В этот дом мы приехали с Нелей и Джоном. Они на следующий день уехали, а я осталась и прожила у Джеммы целый месяц. Я стала читать ее рукопись. В начале все время повторялось: Мишка, Мишка, отец позвал: «Мишка!..» Я спросила, кто такой Мишка. «Михаил Булгаков, отец его звал Мишкой». Я говорю: «Не может этого быть, не та семья». Потом читаю описание завтрака: икра, водка… – весь русский «набор». Я говорю: «Этого тоже не может быть». – «Ну почему, Алла, это же русская еда!» В конце Мишка умирал на руках Сережки. Я спросила: «А кто такой Сережка?» – «Сергей Ермолинский». Я сказала, что, когда умирал Булгаков, Ермолинский действительно был рядом, но умирал он на руках Елены Сергевны, что Сергей Александрович Ермолинский жив и вообще это мой друг. «Как жив?! Не может быть, я приеду!..» Так постепенно мы «прочищали» всю рукопись.

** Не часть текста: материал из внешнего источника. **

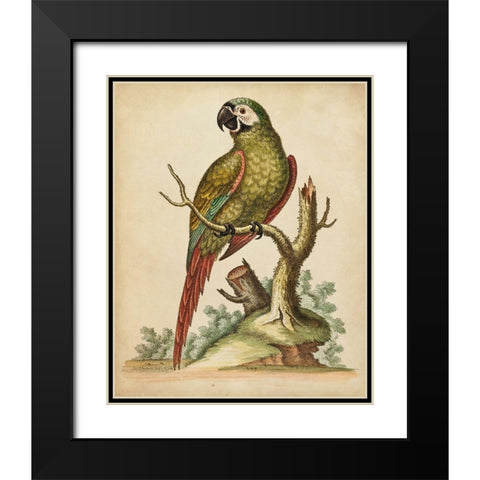 Paradise Parrots II Black Modern Wood Framed Art Print with Double Matting by Edwards, George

Рядом с домом была гора, на которую ни Джемма, ни Рене никогда не поднимались. Из-за моего вечного любопытства я полезла на эту гору и увидела, что там – раскопки древнеримского города. А на самом верху – плато, с которого открывается вид на всю провинцию. Я и их заставила подняться на гору, они упирались, но когда наконец поднялись, восхитились, и я им сказала: «Вот это, дети мои, ваша Франция…» Они потом часто ходили на эту гору и назвали ее «Ала».

Однажды под Новый год, вечером, минуя гостиницу, ко мне в московскую квартиру с огромным чемоданом приехали Джемма Салем и Рене Ботланд. В чемодане, помимо подарков, было: коробка стирального порошка, потому что они читали, что в России его нет (и действительно, не было), и огромная копченая баранья нога, которую мы потом строгали целый год, пока она окончательно не засохла. Так они первый раз приехали в Россию. Наступила ночь, я говорю: «Поехали в вашу гостиницу». Мы сели в машину, шел крупный снег, я подумала: «Повезу их на Патриаршие». Приехали, я сказала: «Выходите». Они: «Это гостиница?» Я: «Нет. Выходите». – «Ой, холодно! Мы устали». – «Выходите!» Они вышли. Каре Патриарших, ни души, все бело. Джемма смотрит и говорит: «Алла! Патриаршие!» Она «узнала»…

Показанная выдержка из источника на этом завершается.